Во Франции Кодекс 1791 г.

допускал наказуемость покушения только при двух преступлениях: при предумышленном убийстве и при отравлении; но уже Закон 23 прериаля IV года и 25 фримера VIII года пополнил эти постановления, приняв систему, которая перешла и в действующий Французский кодекс, на основании коего (ст. 2 и 3) покушение на преступление накйзуемо всегда, на проступки - только в случаях, особо указанных в законе, а покушение на нарушения ни в каком случае не наказуемо, так что закон ставит опасность, а следовательно, и наказуемость покушения в прямое соотношение с важностью того деяния, на которое посягал виновный[4].

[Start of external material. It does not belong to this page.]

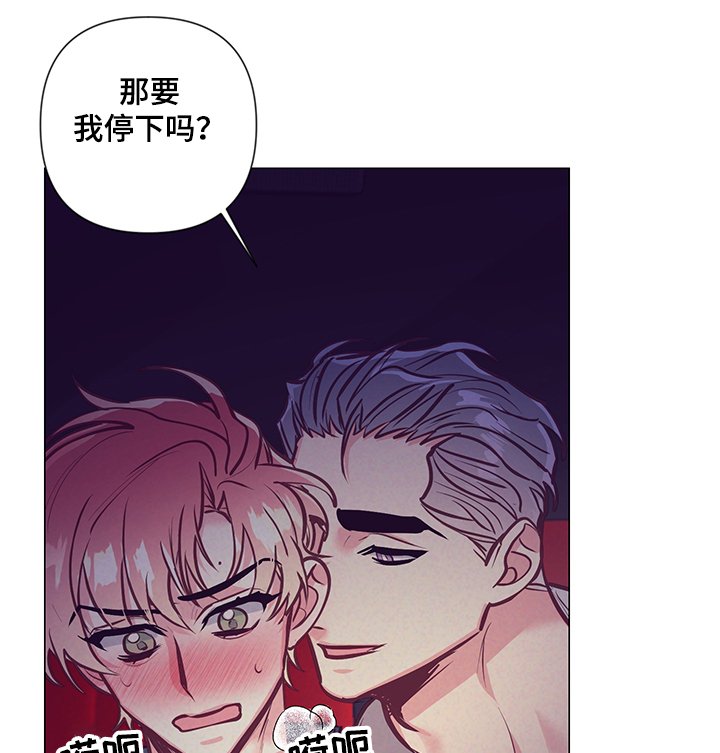 第92章：电影院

Это деление усвоено не только романскими кодексами - Итальянским, Бельгийским (ст. 2), но вошло и в германское право, в Кодекс прусский 1851 г. и Баварский 1861 г. и, наконец, в действующее Германское уложение, которое в ї43, признавая вообще покушение возможным только при преступлениях и проступках, прибавляет, что покушение на проступок наказывается только в случаях, особо указанных в законе; то же повторяет Кодекс венгерский, а Кодекс голландский (ї45, 46), согласно своему двухчленному делению, допускает наказуемость покушения при проступках и безусловно устраняет наказуемость покушения при нарушениях.

Действующее Уложение приняло правило, сходное с французским, на основании коего при тяжких преступлениях покушение наказуемо всегда; при преступлениях - лишь в случаях, особо в законе указанных[5], а при проступках- вовсе не наказуемо[6], причем в тех статьях, которые будут состоять из нескольких частей, из коих одна будет соответствовать тяжкому преступлению, а другая преступлению, также делается указание о наказуемости покушения, относя это указание только к той части подобных статей, которая соответствует преступлению.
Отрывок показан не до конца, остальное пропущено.